We believe that based on market share and the number of campuses employing our products, we are a leading provider of technology and payment services to the higher education industry. We believe that none of our competitors can match our ability to provide solutions for higher education institutions’ financial services needs, including compliance monitoring, and, consequently, that we provide the most comprehensive suite of disbursement and payment solutions specifically designed for higher education institutions and their students. We also provide campus communities with convenient, cost-competitive and student-oriented banking services, which include extensive user-friendly features.

Our products and services for our higher education institution clients include our OneDisburse® Refund Management® funds disbursement service and our CASHNet® suite of payment transaction products and services. Through our bank partner, we offer our OneAccount service to the students of our higher education institution clients, which includes an FDIC-insured checking account, a OneCard, which is a debit MasterCard® ATM card, and other retail banking services.

As of March 31, 2012, more than 520 campuses serving more than 4.3 million students had purchased the OneDisburse service and more than 370 campuses serving more than 2.7 million students had contracted to use one or more of our payment products and services. We also service approximately 2.1 million OneAccounts as of March 31, 2012.

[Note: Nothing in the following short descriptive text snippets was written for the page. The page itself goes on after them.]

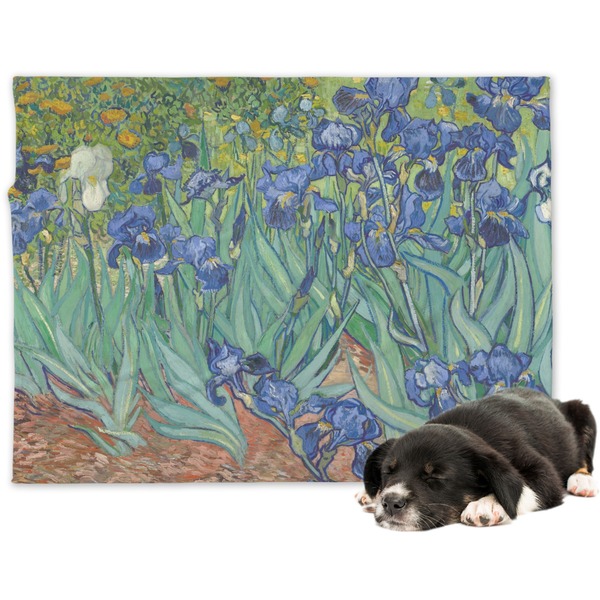 Custom Irises (Van Gogh) Dog Blanket - Regular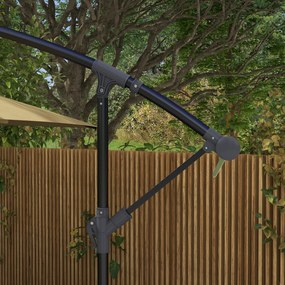 Chapéu de Sol Excêntrico 294x193 cm Chapéu de Sol de Jardim com Base C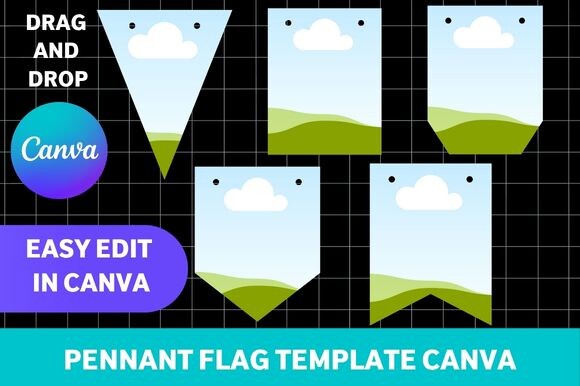 Editable Pennant Flag Template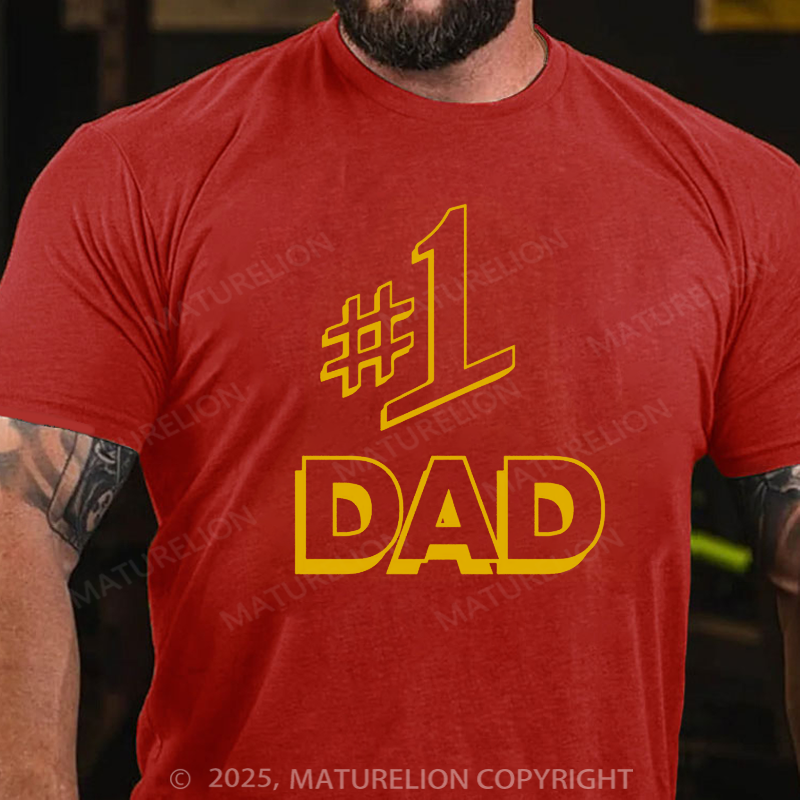 Maturelion Men's T-shirt Number 1 Dad Father's Day T-shirt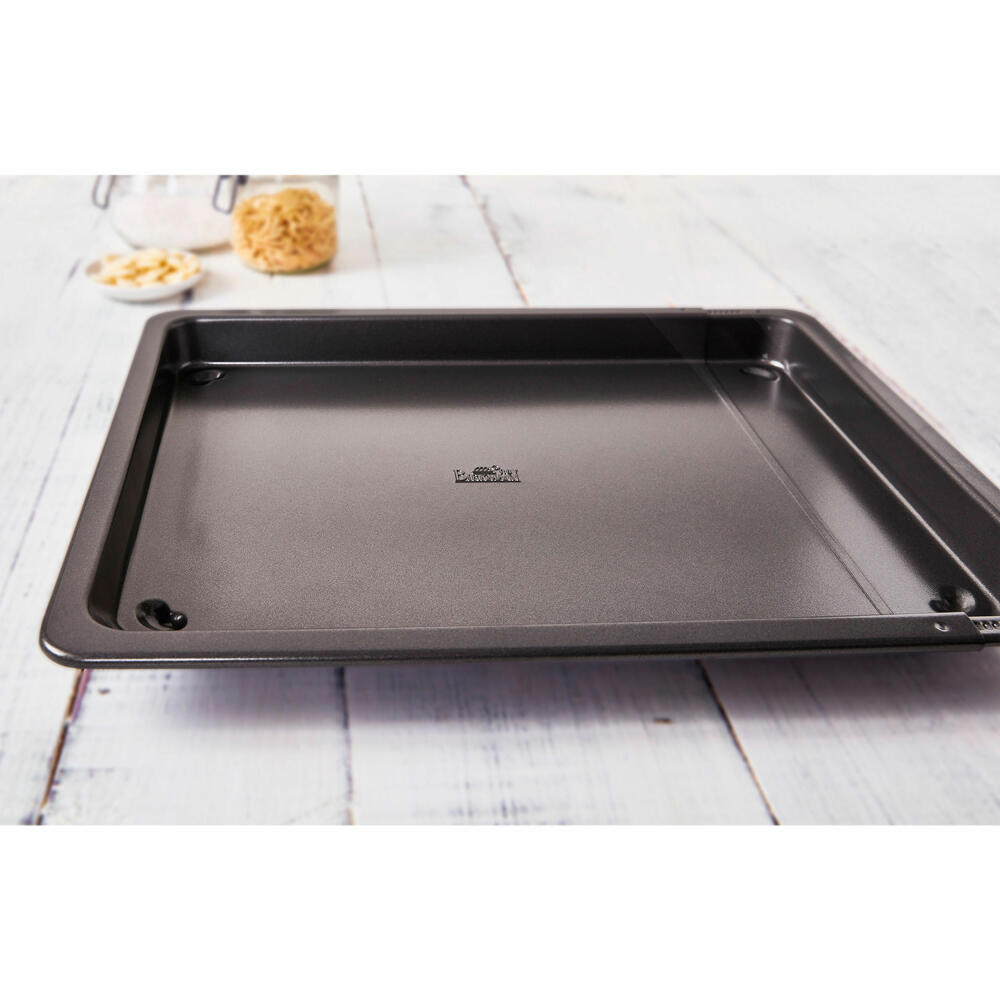 Birkmann Easy Baking Baking Tray Adjustable, Oven Tray, Baking Tray, Stove Baking Tray, Carbon Steel, 36 x 33 cm, 881303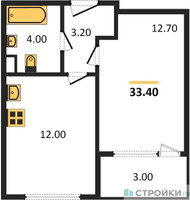 Планировка однокомнатной(квартира) площадью 33.4 квадратных метров в “Жилой квартал Новое Медведково”
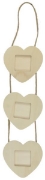 Image de Cadre en bois avec 3 coeurs
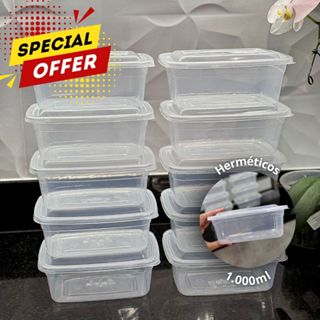 Kit de 20 Potes Marmitas 1000ml Tampa herméticos - Qualidade, armazenamento, reutilizavel em Oferta na Shopee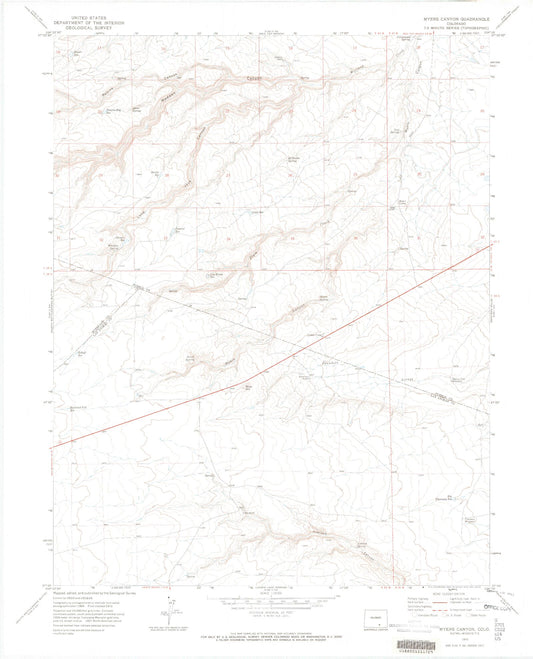 Classic USGS Myers Canyon Colorado 7.5'x7.5' Topo Map Image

Our historical experience has been that account revenue generated per OneAccount has been generally stable year over year, with total account revenue generally increasing proportionally with increases in the number of OneAccounts.  During the three months ended March 31, 2012, our account revenue grew at a slower pace than the growth in our number of OneAccounts due to a lower proportion of our OneAccounts receiving a financial aid refund compared to the three months ended March 31, 2011.  The average revenue per OneAccount at higher education institution clients which implemented the OneDisburse service more than a year ago is lower than the average revenue per OneAccount at higher education institution clients who have implemented the OneDisburse service within the past year.  For students that receive financial aid refunds at these different institutions, average account revenue per OneAccount is fairly consistent, however, because clients that implemented the OneDisburse service over a year ago have a higher proportion of students with open accounts that did not receive a financial aid refunds in the current period, on average, revenue per account at these schools is lower. We believe that there is the potential for additional volatility in the relationship between the number of OneAccounts and account revenue in the future as a result of variability in student enrollment growth at higher education institutions and changes in financial aid refund timing at higher education institutions.

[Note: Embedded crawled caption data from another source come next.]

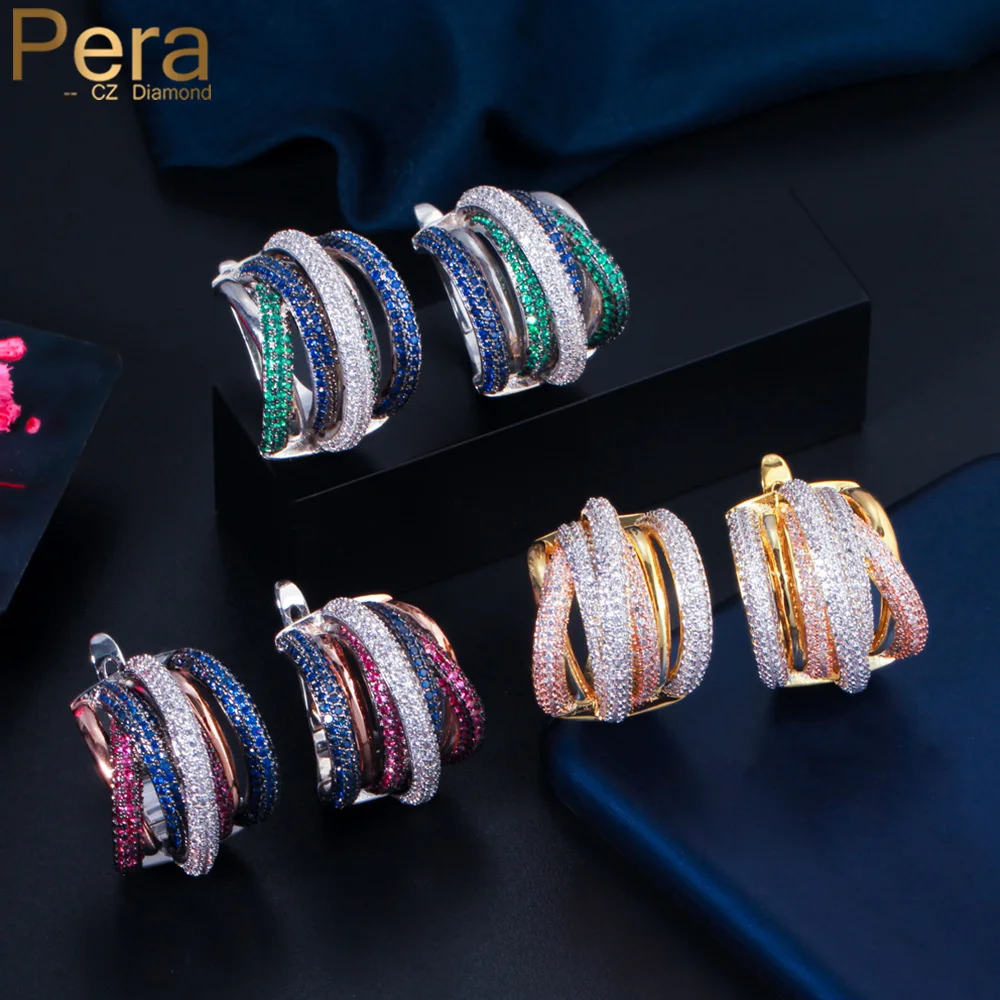 

Pera Luxury Designer Micro Full Colorful CZ Stone Paved Wedding Engagement Geometry Shape Hoop Clasp Earrings for Brides E730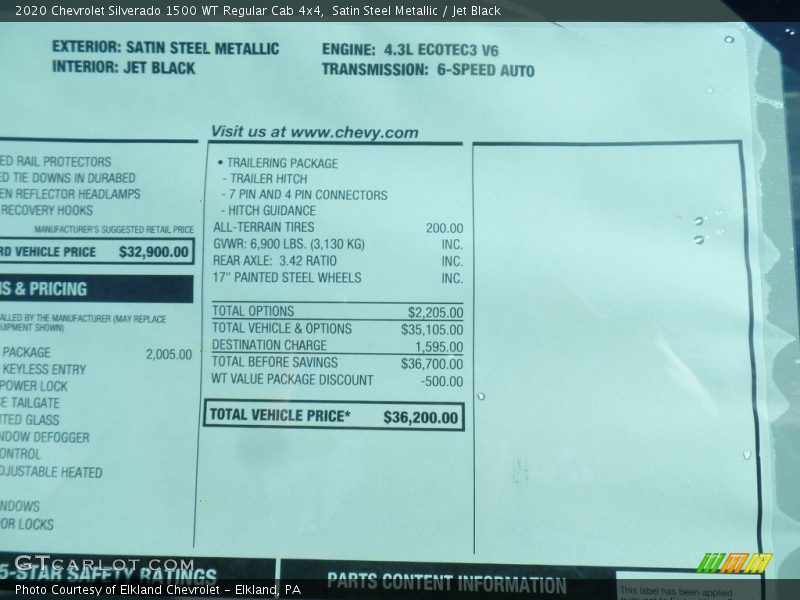 Satin Steel Metallic / Jet Black 2020 Chevrolet Silverado 1500 WT Regular Cab 4x4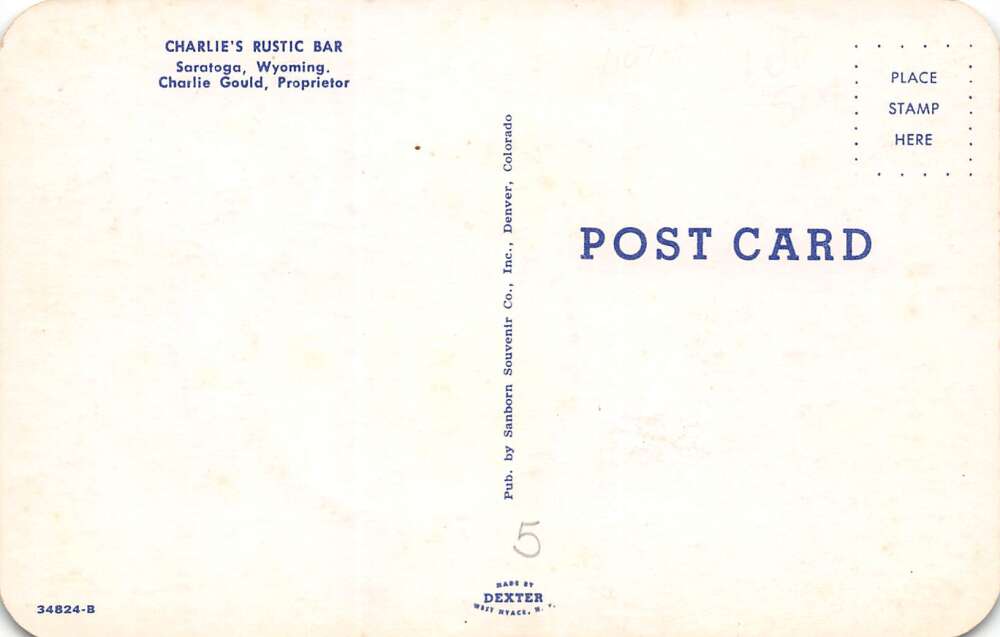 Saratoga Wyoming Charlie's Rustic Bar, Photochrome Vintage Postcard U12962 - Image 2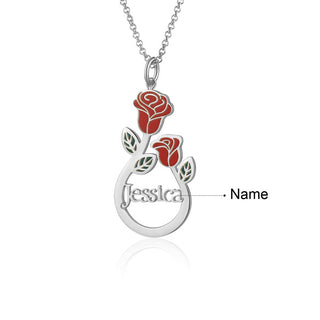 Personalized Stainless Steel Rose Flower Name Necklace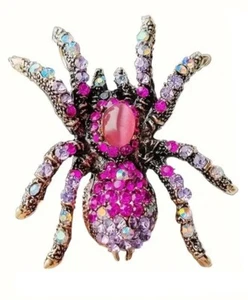 HAPPY HALLOWEEN SPIDER PURPLE AB RHINESTONE GOLD TONE BROOCH - Picture 1 of 1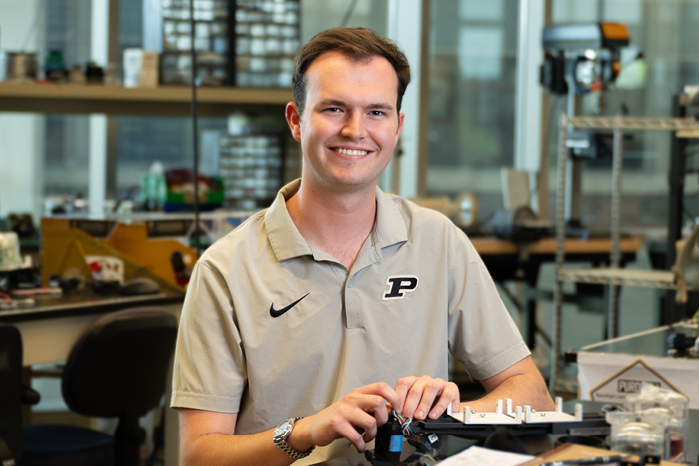 Purdue student Owen Fix works on Purdue space research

Our revenue fluctuates as a result of seasonal factors related to the academic year. A large proportion of our revenue is either directly or indirectly dependent on academic financial aid received by students and in turn the number of students enrolled at our higher education institution clients. Higher education institution clients typically disburse financial aid refunds to students at the start of each academic term. Distribution of financial aid disbursements through our OneDisburse service (1) indirectly generates revenue through deposits of financial aid into OneAccounts, which generates account revenue, and (2) directly generates revenue through our higher education institution clients’ use of the OneDisburse service, which generates higher education institution revenue.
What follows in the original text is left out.